The answer must consist of every line from the data that holds the string "Gold".

---------- THE DATA ----------

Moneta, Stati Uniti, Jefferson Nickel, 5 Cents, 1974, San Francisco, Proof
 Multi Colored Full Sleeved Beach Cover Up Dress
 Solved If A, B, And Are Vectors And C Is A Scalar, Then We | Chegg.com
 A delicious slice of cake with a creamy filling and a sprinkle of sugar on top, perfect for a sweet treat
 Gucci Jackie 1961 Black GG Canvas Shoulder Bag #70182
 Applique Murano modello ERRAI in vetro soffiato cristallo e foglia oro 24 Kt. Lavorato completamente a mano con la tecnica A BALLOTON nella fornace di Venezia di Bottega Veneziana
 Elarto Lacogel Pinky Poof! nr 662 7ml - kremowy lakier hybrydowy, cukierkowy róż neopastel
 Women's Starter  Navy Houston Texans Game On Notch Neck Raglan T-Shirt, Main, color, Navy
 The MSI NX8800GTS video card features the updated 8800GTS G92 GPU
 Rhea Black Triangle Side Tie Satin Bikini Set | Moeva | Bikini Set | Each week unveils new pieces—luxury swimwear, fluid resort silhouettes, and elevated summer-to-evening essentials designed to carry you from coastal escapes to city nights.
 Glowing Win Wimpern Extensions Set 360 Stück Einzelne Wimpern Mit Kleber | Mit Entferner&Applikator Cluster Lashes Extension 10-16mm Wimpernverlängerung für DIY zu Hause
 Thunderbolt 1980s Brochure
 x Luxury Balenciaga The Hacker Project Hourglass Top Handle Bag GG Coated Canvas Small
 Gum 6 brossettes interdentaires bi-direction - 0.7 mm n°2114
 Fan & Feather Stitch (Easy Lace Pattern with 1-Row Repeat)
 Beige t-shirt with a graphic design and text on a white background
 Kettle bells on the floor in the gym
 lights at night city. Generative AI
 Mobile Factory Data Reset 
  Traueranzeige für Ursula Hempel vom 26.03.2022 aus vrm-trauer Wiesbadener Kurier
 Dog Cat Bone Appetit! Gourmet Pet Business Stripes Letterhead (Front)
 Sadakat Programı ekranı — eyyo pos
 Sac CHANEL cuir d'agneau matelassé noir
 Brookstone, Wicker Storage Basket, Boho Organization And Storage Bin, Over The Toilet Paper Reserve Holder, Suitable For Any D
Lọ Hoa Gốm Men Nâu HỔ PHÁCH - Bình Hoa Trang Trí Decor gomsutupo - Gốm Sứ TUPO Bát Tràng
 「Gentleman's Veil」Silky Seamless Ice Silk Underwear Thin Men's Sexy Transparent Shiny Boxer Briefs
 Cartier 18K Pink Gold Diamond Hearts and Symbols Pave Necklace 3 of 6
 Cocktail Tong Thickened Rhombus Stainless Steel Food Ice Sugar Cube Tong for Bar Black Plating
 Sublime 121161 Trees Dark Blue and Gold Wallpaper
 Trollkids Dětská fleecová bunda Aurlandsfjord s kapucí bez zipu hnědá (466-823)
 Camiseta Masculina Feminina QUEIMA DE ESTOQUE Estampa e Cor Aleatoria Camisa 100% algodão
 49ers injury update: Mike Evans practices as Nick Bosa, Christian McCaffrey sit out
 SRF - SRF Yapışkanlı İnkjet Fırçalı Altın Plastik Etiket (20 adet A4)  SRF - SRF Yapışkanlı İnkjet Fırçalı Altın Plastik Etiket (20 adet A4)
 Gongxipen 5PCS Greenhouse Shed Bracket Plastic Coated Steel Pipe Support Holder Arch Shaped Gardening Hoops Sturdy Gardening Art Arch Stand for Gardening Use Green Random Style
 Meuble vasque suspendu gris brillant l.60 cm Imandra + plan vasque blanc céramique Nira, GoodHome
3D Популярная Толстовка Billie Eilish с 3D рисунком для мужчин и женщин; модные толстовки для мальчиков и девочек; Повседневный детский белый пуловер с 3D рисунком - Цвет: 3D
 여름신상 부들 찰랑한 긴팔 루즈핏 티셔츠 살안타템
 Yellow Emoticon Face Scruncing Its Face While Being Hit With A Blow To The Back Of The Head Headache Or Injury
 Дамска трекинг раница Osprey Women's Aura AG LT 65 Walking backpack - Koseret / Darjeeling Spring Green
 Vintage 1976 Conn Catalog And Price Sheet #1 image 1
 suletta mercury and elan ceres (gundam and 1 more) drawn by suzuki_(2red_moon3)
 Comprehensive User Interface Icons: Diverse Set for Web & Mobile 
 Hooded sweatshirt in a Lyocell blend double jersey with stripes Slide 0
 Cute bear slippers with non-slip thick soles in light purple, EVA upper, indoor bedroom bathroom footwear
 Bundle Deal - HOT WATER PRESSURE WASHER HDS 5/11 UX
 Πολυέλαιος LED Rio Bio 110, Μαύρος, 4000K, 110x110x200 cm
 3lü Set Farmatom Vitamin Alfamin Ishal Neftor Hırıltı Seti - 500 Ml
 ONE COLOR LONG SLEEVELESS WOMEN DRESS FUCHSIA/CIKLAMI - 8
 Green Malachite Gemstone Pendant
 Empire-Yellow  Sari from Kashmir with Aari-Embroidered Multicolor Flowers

----------

▶ TASK SOLUTION
 Cartier 18K Pink Gold Diamond Hearts and Symbols Pave Necklace 3 of 6
 Sublime 121161 Trees Dark Blue and Gold Wallpaper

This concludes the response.